Das schreibt der gräfliche Hofrat Volkmar Happe in seine thüringische Chronik. Ihm ist klar, dass auf diese Sichtung hin "in aller Welt Krieg, Aufruhr, Blutvergießen, Pestilentz und unaussprechlich Unglück erfolget".

Wie lange dauert der Dreißigjährige Krieg?

Beliebter Schulhof-Scherz: Wie lange dauerte der Dreißigjährige Krieg? Haha. Logisch. 30 Jahre. Haben Historiker retrospektiv gesagt und als Beginn den Fenstersturz zu Prag im Mai 1618 ausgemacht und als Ende die 1648 die in Münster und Osnabrück geschlossenen Verträge bezeichnet, die als Westfälischer Frieden zusammengefasst werden. Aber hinterher ist man ja immer schlauer.

"Mit diesem Kometen hatte Gott Krieg, Hunger und Pest angekündigt, die als Strafe kamen für die Sünden der Menschen, im Vorgriff auf die Apokalypse."
Andreas Bähr, Historiker

Der Winterkomet von 1618 heißt heute C/1618 W1

Vielen Zeitzeugen des Dreißigjährigen Krieges aber war klar: Der Krieg war eine direkte Folge des sogenannten Winterkomets, der im Winter vor 400 Jahren für einige Zeit mit bloßem Auge zu sehen war.

Heute heißt dieser Komet nüchtern C/1618 W1. Aber damals war er vielen nichts weniger als ein göttliches Zeichen mit schlimmen Folgen. Durchaus gebildete Zeitgenossen sahen den Schweifstern als Ankündigung für das blutige Geschehen in Europa. Einige richteten gar ihre Lebensplanung an diesem Himmelszeichen aus.

"Astronomen stritten mit Theologen und orthodoxe Lutheraner mit sogenannten Schwärmern und falschen Propheten: War der Komet nichts weiter als ein faszinierendes Naturereignis? Oder war er Vorzeichen für 30 Jahre Krieg?"
Andreas Bähr, Historiker

Andreas Bähr hat 2017 ein Buch mit dem Titel "Der grausame Komet. Himmelszeichen und Weltgeschehen im Dreißigjährigen Krieg" veröffentlicht. Darin erzählt er – wie in unserem Vortrag – von Männern, die den Kometen gesehen und gedeutet haben.

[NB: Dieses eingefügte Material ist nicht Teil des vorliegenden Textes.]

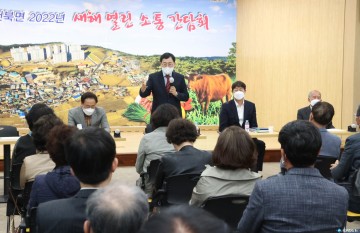 주낙영 경주시장, 열린 소통 간담회 순항 중…다양한 의견 나와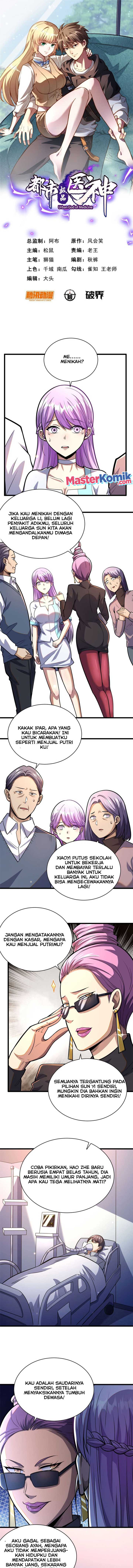 Baca Manhua Urban God of Medicine Chapter 24 Gambar 2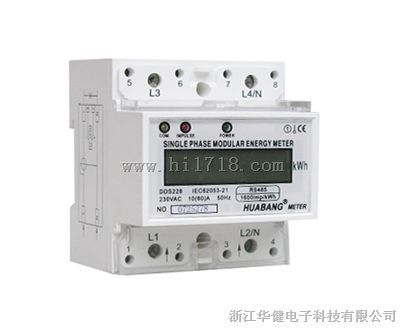 DTS8003三相多功能精巧型电能表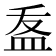 𭽽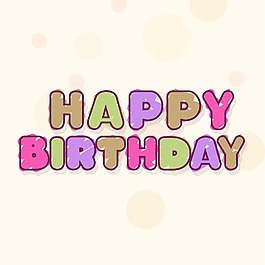 為慶祝生日賀卡或背景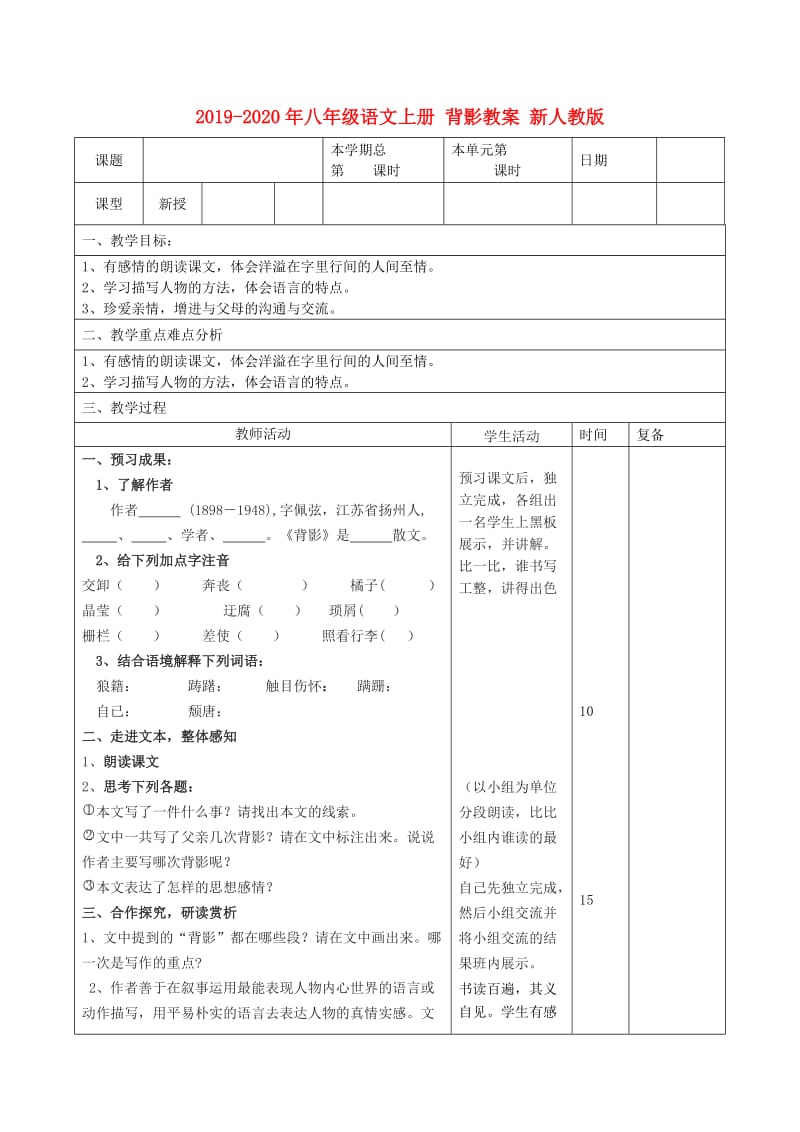 2019-2020年八年级语文上册 背影教案 新人教版.doc_第1页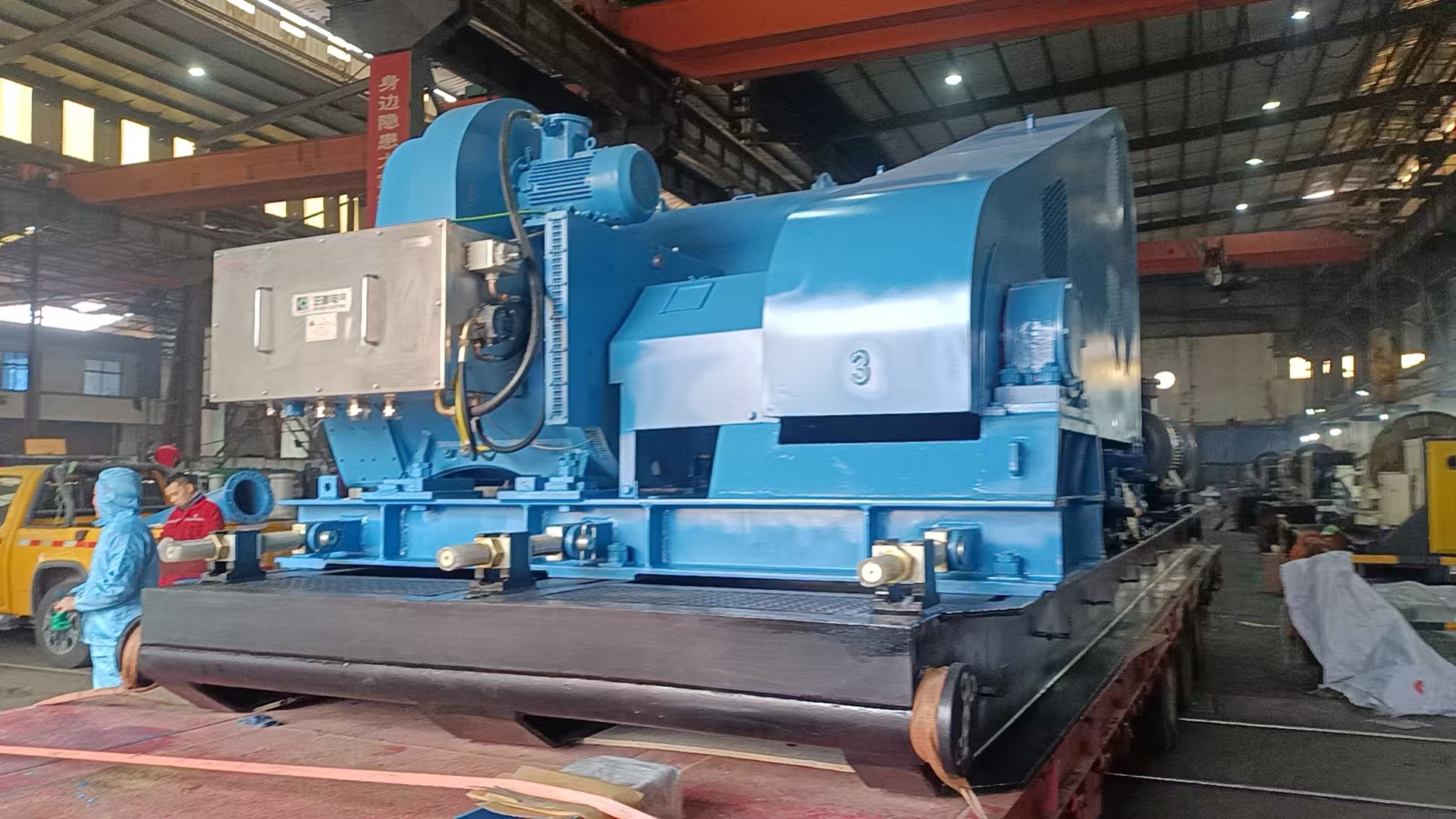Triplex Mud Pump 2.jpg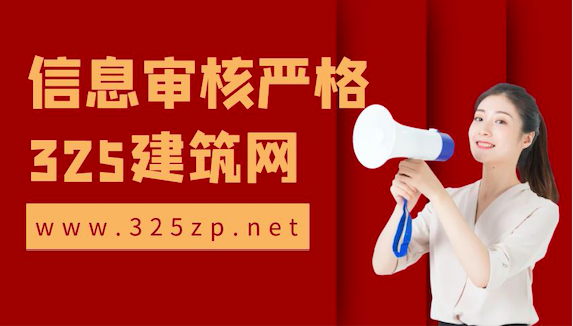 325建筑网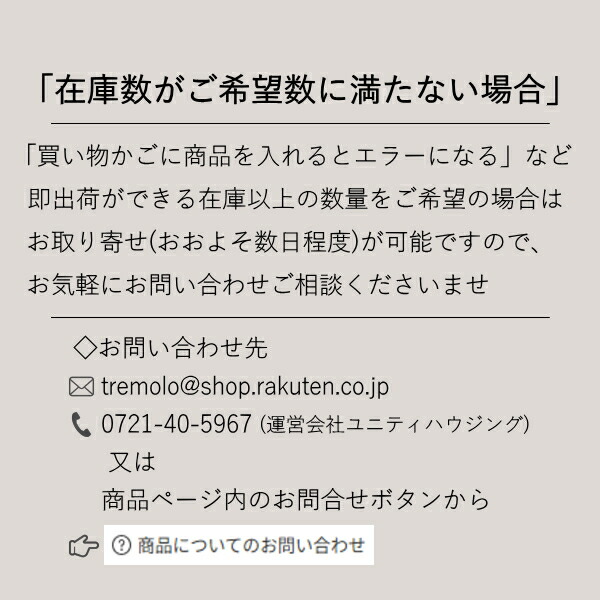 松野屋 竹ざる ざる トレイ トレー バスケット ベトナム 小物入れ 小物収納 卓上 カゴ おしゃれ 楕円 中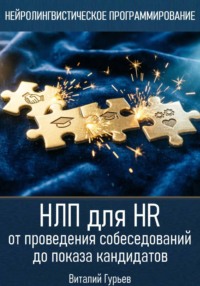 НЛП для HR: от проведения собеседований до показа кандидатов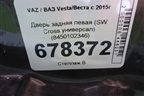 Дверь задняя левая (SW Cross универсал) (8450102346) для VAZ Vesta/Веста с 2015г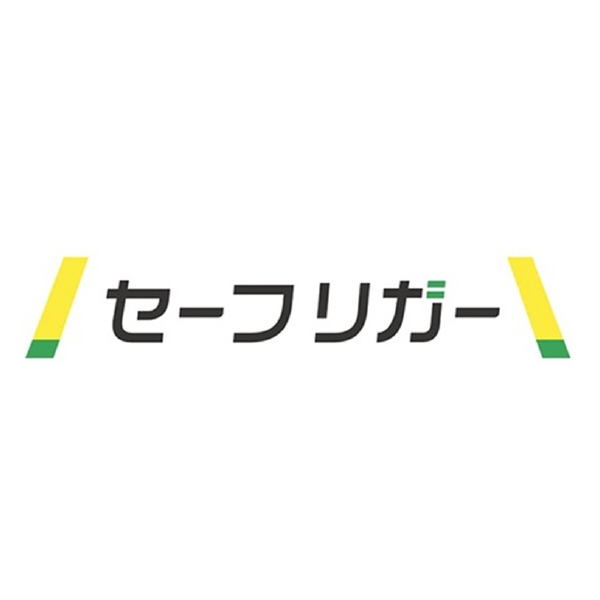 （株）ピカコーポレイション アウトリガー付き 専用脚立 セーフリガー NDA-S アウトリガー付き専用脚立　セーフリガー NDA-S300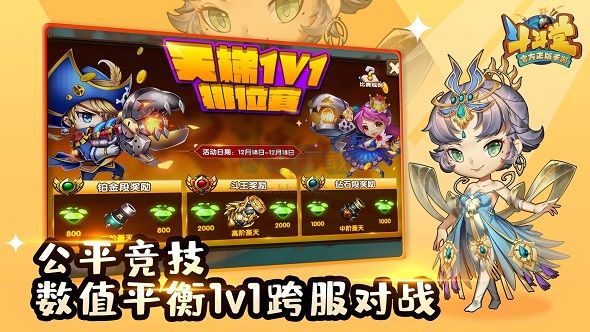 斗斗堂破解版无限钻石版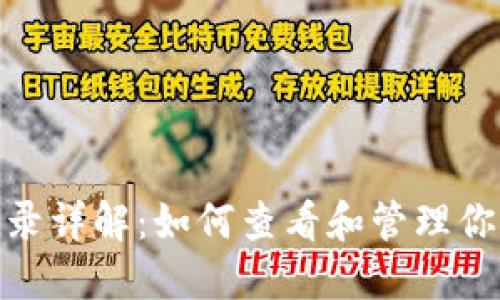 Tokenim转账记录详解：如何查看和管理你的加密货币交易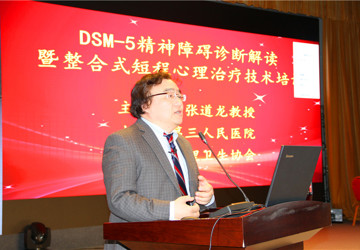 医院举办DSM-5解读暨短程心理咨询技术培训班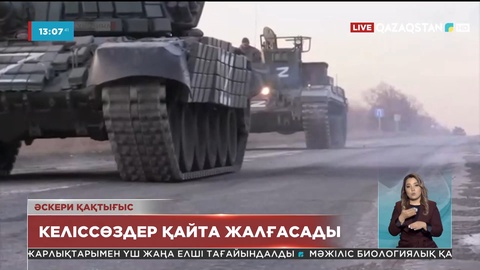 Ресей Киев пен Чернигов қаласы маңындағы операциялардың қысқаратынын мәлімдеді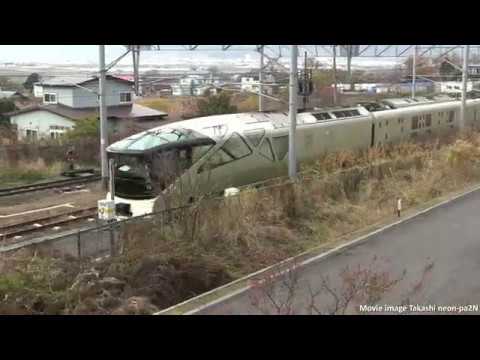 【JR 東日本TRAIN SUITE 四季島】函館本線下り東室蘭～函館駅向け走行七飯駅構内にて撮影！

Sogar die Dauer des Krieges soll der Winterkomet angekündigt haben.

"30 Tage habe der Besen aus Feuerfunken am Himmel gestanden, notiert der Bürgermeister, und so habe der Krieg dann auch 30 Jahre gewähret."
Andreas Bähr, Historiker

Andreas Bähr ist Professor für Europäische Kulturgeschichte an der Europa-Universität Viadrina in Frankfurt an der Oder. Seinen Vortrag mit dem Titel "Der grausame Komet. Himmelszeichen und Weltgeschehen im Dreißigjährigen Krieg" hat er 400 Jahre nach der Sichtung des todbringenden Winterkometen gehalten, am 6. November 2018 im Einstein Forum Potsdam.